- [Directions]
Using the line that contains "Plafonieră LED dimabilă" as the start, restate each line word for word through the final line of the material below, and return only those.

- [Dataset excerpts]
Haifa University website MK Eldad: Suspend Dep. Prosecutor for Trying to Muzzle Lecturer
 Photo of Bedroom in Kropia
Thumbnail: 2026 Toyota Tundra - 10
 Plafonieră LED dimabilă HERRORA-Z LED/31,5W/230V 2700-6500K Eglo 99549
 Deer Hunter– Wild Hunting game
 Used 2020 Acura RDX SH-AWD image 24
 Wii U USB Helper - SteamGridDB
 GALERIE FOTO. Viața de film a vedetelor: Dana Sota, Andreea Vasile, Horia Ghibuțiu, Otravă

- [Output for this task]
 Plafonieră LED dimabilă HERRORA-Z LED/31,5W/230V 2700-6500K Eglo 99549
 Deer Hunter– Wild Hunting game
 Used 2020 Acura RDX SH-AWD image 24
 Wii U USB Helper - SteamGridDB
 GALERIE FOTO. Viața de film a vedetelor: Dana Sota, Andreea Vasile, Horia Ghibuțiu, Otravă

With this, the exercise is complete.